11. Financing infrastructure projects through concessional rather than non-concessional resources has entirely different implications. Staff continues to ignore or downplay this elementary point, and focuses excessively on the debt to GDP ratio. Had Cabo Verde not stepped up its investment during the current window of opportunity after graduation to middle-income status, it would have been required to pay much more to finance the same infrastructure. The completion of the PIP will lay the ground for higher future growth and enhance the country’s capacity to pay its debt.

12. Staff continues to consider Cabo Verde’s public and publicly guaranteed debt to be sustainable but seems unwilling to say so. The important conclusion that Cabo Verde’s debt is sustainable is only stated in the DSA, and not in the main report, let alone in the staff appraisal. The report concentrates on emphasizing debt-related risks to such an extent that a different impression is conveyed to the reader. While references to high or very high overall debt levels abound (for example, three times in the seven paragraphs of the staff appraisal), there are very few reminders of the overwhelmingly concessional nature of Cabo Verde’s debt.

Monetary policy and financial sector

13. Monetary policy in 2013 was successful in keeping inflation low and supporting the exchange rate peg with the euro. With the increase in international reserves to a comfortable level and inflation under control, the BCV was able to ease monetary policy to support the economic recovery, in line with staff’s advice. It cut the policy rate by 150 basis points — to 4.25 percent — last March, and reduced the rates of rediscount and of the lending facility by the same amount, to 8.25 and 7.25 percent, respectively.

14. Staff had also recommended the BCV to lower the 18 percent minimum reserve requirement (MRR), stating that it is high compared to peers and that a decrease would free up liquidity and support credit creation. The BCV, however, considers the current level of the MRR as adequate, given its dual role as a monetary and prudential tool, and also argued that reserve requirements should not be changed frequently.
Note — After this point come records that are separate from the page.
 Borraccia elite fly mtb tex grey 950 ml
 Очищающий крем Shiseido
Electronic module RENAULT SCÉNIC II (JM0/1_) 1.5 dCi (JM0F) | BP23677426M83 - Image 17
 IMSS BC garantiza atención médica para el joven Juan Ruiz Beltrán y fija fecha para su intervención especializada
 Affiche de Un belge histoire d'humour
Staff’s arguments for lowering the MRR are indeed unconvincing. It is doubtful that a central bank would make a decision on reserve requirements based on a simple comparison with its peers. Moreover, with already high excess liquidity, freeing up more bank reserves would hardly have any effect on credit, and would make liquidity management an even greater challenge.

15. BCV’s measures to address non-performing loans (NPLs) in the banking system, on the other hand, could bring about an increase in credit to the private sector. As indicated in Box 2 of the staff report, among other initiatives, the BCV conducted a detailed review of banks’ practices for NPL provisioning and disclosure, and requested banks to follow strictly International Financial Reporting Standards (IFRS) definitions. The level of NPLs has started to fall, but, at 16 percent, is still high.
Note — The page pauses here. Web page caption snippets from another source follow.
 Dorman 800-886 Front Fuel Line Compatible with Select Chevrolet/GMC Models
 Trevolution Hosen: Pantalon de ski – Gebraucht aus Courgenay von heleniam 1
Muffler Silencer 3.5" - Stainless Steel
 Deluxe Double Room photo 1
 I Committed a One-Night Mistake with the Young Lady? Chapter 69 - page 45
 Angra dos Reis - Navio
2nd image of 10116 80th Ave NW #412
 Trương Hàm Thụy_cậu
16. Cabo Verde’s banking sector remains well capitalized and liquid. Foreign banks do not depend on parent institutions as they are fully funded by domestic deposits. The BCV is committed to completing the implementation of the 2009 FSAP recommendations. Future priorities of the BCV include refining its operational framework so as to raise the efficiency of the transmission mechanism and promote the development of the interbank market.

The approved budget includes a provision stipulating that as much as 30 percent of several classes of expenditures can only be executed if revenues perform as expected.

This was possible because the VAT law used the date contracts were signed as the basis for determining the rate to be applied. Taking advantage of that, tourism operators anticipated to 2012 the signature of contracts for a sizeable number of tourist packages sold for 2013.

External public debt accounts for 76 percent of Cabo Verde’s total public debt.